Peace Talks (The Dresden Files, #16)(93)
I grabbed at the floor of the hallway and desperately levered a knee up into the opening to give me a couple of points of tension—but it was hardly a solid position. I pushed as hard as I could with my right arm, but it was out straight, and there was only so much power in my shoulder and upper back. I strained to lift my brother onto the floor, but I had no leverage, and my position was too precarious to apply much of my strength. My muscles burned and then began, slowly, to falter. I ground my teeth, reaching deep, and strained to gain a few fractions of an inch that began to fade almost at once.
I started preparing to drop in a controlled fall that would, hopefully, protect my brother—but then his weight suddenly vanished from my shoulder.
Lara dragged him to one side with quick efficiency, blue eyes bright, cheeks still flushed, and then seized the guard’s heavy leather jacket and tossed me one sleeve. I took it.
“You’re taking forever,” she said, and hauled me out of the hole.
“And yet you’re the one literally fucking around on the job,” I countered.
“That?” she asked, bobbing her head back toward the guard station and flashing me a wise, wicked smile. “No. That was just feeding. The other thing takes much, much longer. And preferably candles and champagne.”
I pulled my legs out of the way, barely, before she shut the trapdoor—my trapdoor—and threw the bolt.
“How is he?” she asked.
I held up my amulet so that she could see her brother better.
“Empty night,” she cursed. She crouched over him, peeling back one of his eyelids, and then his lips. His gums were swollen and blotchy with dark stains.
“What’s happening?” I asked her.
“He’s sustained too much trauma without feeding,” she said. “His Hunger needs life energy. It’s taking his. It’s turned on him. It’s killing him.”
White Court vampires led a bizarre symbiotic existence: They were born bound to a demon that existed in immaterial tandem with them, called a Hunger. It was the demon who gave them their strength, their speed, their long lives, their capacity to recover from injury. In exchange they had to feed on the life force of others, to sustain the Hunger. My brother was, I knew, a rather potent example of the breed. That meant that his Hunger was strong, too.
And now he was paying for it.
“What can we do?”
She shook her head, her face hard. “This is how White Court vampires die. How my father will die, sooner or later.”
“Justine,” I said.
That word got through. Thomas lifted his head, mirrored eyes on me. He reached out a weak hand toward me in a gesture that died of exhaustion halfway.
“No,” Lara said, her eyes intent on his face. “By the time a Hunger turns on one of us, it’s mad, uncontrollable, insatiable. Even if we could redirect the Hunger, it would kill her and the child, and he’d die anyway.” The muscles in her jaw tensed. “There’s still part of him in there. I might be able to reach him if we get him out of here—if we hurry.”
“Right,” I said, and slung my brother back up onto my shoulder.
Lara gave me a nod of approval and rose with me, and we both padded as quietly as we could back toward the dumbwaiter shaft. We passed the enormous guard, who was sprawled on his desk, pants back on but unfastened. He reeked of bourbon. I hesitated beside the guard long enough to be sure I saw his chest rise and fall.
“He’ll have a hell of a hangover,” Lara noted.
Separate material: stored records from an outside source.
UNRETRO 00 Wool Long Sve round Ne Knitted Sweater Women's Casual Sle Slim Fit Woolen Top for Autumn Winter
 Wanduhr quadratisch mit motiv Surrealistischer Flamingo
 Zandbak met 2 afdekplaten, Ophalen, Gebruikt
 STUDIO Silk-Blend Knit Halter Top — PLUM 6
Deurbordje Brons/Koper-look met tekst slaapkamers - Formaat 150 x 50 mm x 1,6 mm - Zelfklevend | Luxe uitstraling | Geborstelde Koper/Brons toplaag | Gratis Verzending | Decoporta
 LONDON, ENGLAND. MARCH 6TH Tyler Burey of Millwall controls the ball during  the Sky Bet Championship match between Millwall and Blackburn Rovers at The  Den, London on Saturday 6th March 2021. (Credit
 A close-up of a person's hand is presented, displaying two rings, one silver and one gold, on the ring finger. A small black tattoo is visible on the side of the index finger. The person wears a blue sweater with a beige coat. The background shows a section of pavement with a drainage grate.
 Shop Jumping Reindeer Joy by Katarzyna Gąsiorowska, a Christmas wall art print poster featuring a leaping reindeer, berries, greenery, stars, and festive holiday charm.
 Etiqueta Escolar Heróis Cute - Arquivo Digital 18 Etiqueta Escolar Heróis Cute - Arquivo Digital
“You were also drinking?” I asked. “When did you have time? Do you have vampire party superpowers I don’t know about?”
“I found a bottle in his desk after he was finished and poured it on him,” Lara said primly, as if she’d been wearing a Victorian school-marm’s outfit instead of a whole lot of very well-tailored nothing. She strode to the dumbwaiter door and opened it. “Simple explanation for when he wakes up with a headache and a scrambled memory.” She tilted her head. “What was with those spiders? Why did you conjure them?”
I made a frustrated sound. “It just … happened.”
She frowned for a half second and then began fighting a smile from the corners of her mouth. “Oh, Empty Night. You’ve got conjuritis? I’ve heard about how awkward it can be when wizard kids get the disease. Aren’t you a few … decades old for that?”
“It’s not like I made an appointment.”
“It would have been nice if you’d told me,” Lara said. “That’s all I’m saying.”
“I took cold medicine,” I said defensively.
Lara arched an eyebrow. “Seriously?”
“Does everybody know about this disease but me?” I complained. And I swiped at my nose with my forearm, fighting back another itch.
There was a soft thump, and a bundle of towels unrolled from the bottom of the shaft, their ends neatly knotted together.
“Hurry up,” Freydis’s voice hissed from the shaft above. “I only made the illusion a quickie.”
“Help me,” I said to Lara, and together we got the makeshift rope around Thomas.
*
Getting my brother back up that narrow shaft wasn’t simple, even with Freydis’s arms pulling him as steadily as any heavy-duty winch. He was too weak to even hold his head up steadily, and he collected some scrapes and bangs on the way up—but we got him there.